相比她微博下面的留言,厲皓軒微博下面的評論就善意多了。
【看不出你是這種調調的厲少!】
【厲少身上出現bug了嗎,秀恩愛就是這個bug?】
童詩想了想,轉發厲皓軒的微博,評論:【你這個努力幹活還不粘人的小妖精!】
“你學過攝影嗎?”她指着他微博配圖的那張背影照,問厲皓軒。
“怎麽問這個?”厲皓軒看向她,眉眼微動。
“拍的還不錯,挺有意境的,用美圖秀秀背景虛化了嗎?”童詩問。
“美圖秀秀是什麽東西?”
“……”童詩想了想,“你能不能答應我,要爆我照片之前去學學攝影?那樣能把我拍的好看點!”
“你已經夠好看了。”猝不及防就是一番誇,厲皓軒勾起唇角,“不過我決定明天就學。”
這樣就能盡早将恩愛秀滿全世界了!
童詩滿意地撇撇嘴,不油膩的甜言蜜語,還挺清新的,偷瞄向身旁,心裏冒出幾朵小花來。
她真的感覺到屬于談戀愛才有的感覺,可貴又甜蜜!
“不知道你家裏有幾個長輩在,禮物不知道她們會不會喜歡。”
“隻要是未來女主人送的,無論是什麽,她們都會喜歡的。”厲皓軒含笑地看着她,甚至還沖她眨了下眼。
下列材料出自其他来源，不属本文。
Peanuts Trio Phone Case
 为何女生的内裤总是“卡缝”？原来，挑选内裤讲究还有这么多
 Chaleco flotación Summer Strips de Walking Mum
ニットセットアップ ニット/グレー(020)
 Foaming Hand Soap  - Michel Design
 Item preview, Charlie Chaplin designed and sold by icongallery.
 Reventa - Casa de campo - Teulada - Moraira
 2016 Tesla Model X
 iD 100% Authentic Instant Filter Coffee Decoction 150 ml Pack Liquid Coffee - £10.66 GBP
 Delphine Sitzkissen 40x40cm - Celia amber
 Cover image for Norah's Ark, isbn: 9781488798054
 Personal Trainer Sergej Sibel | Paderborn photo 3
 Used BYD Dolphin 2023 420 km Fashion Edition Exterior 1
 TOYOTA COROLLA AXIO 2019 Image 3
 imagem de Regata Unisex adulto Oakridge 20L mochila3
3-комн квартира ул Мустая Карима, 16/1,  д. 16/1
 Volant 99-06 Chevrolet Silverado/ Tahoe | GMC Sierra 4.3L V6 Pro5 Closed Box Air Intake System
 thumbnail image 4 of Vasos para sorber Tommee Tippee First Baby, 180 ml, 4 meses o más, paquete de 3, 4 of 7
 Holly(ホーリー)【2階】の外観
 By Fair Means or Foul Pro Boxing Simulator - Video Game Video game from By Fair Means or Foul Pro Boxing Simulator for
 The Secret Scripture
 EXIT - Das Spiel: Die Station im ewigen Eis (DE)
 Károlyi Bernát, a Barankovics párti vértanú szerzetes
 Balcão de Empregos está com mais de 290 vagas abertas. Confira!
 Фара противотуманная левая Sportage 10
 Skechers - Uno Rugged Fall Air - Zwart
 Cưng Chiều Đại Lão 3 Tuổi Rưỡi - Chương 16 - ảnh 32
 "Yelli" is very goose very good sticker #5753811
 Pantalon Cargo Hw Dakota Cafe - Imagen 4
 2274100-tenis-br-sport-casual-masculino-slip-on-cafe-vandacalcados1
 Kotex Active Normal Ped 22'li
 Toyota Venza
“你又瞎說,再這樣我不理你了!”童詩一羞,差點在車裏直跺腳。
剛剛眨眼間的電力保守估計得有十萬伏了吧,老男人俏皮起來絕逼漏電呀!
看着她臉頰上如朝霞般的兩團紅雲,厲皓軒笑了笑,意有所指道,“行,我以後都不說,我們……做。”
童詩:“……”
老司機果然一言不合就開車!
二十分鍾後,車子停下來。
童詩下了車,四層别墅占地面積看起來很大,有點像小城堡又有些像莊園,但沒有圍牆護欄之類,門口停放着的幾輛霸道總裁标配的豪車,空氣中都好似有醉人的香槟玫瑰香,打理的很好,完全配得上花園别墅這個名頭。
他男票的家漂亮到讓她有種想要過來當女主人的沖動!
真的有,因爲跟她夢想的薔薇洋樓不謀而合,但有點太大了。
一進門。
“粑粑你回來啦,漂釀阿姨呢?”邵辛撲了過來,滿臉是笑。
童詩從厲皓軒背後冒出顆小腦袋,沖小東西甜甜地笑道:“你好呀邵辛,我在這裏!”
“漂釀阿姨你可真好看呀,比照片還好看!”小邵辛懵了一陣,當即回過神來由衷地贊歎。
童詩忍不住臉紅,厲皓軒卻笑着看她,結果視線下移,看到了門口的鞋架上有一雙高跟鞋。
款式有些年輕!
眼底銳光一閃,看向候在一旁的陳嫂,陳嫂正要開口,一道女聲由遠而近。
“皓軒,你回來了?”唐心怡微笑着從廚房走了出來,宛若家裏的女主人一樣。
看到童詩的那一刻,她眼底有一抹狠光快速閃過,口中溫柔而親熱地仿佛能滴出水來。“還帶了朋友呀?”
厲皓軒拉着童詩的手,微微一頓,俊臉陡然變得沉冷。
童詩看向拿着鍋鏟的唐心怡,這麽年輕的廚娘?
她數了數,加上門口的四個年紀稍微大一點的,正好一共五個人。
陳嫂想要解釋唐心怡出現在這裏的原因,可童詩正好趕在這個時候碰了碰厲皓軒。“愣什麽呀,快把我買的禮物拿出來呀,不多不少,正好五份呢!”
正、好、五、份!厲皓軒聞言,眉毛一挑,瞬間就知道童詩很有可能……誤會了。
“對,正好,你最厲害最聰明。”他忍不住親她一口,完全無視了唐心怡。
唐心怡看着那個表情夢幻的男人,滿眼都是陌生。
他還是他嗎?居然也會有這樣溫柔的一面,卻是對别的女人!
苦,心裏蔓延的全是數之不盡的苦澀,他怎麽可以當着她的面跟别的女人這樣親密!
童詩紅着臉推開他,顧着那麽多人都在場也不好發脾氣,隻好親手将每一份禮物送到每個人的手裏,最後一份送到唐心怡手上。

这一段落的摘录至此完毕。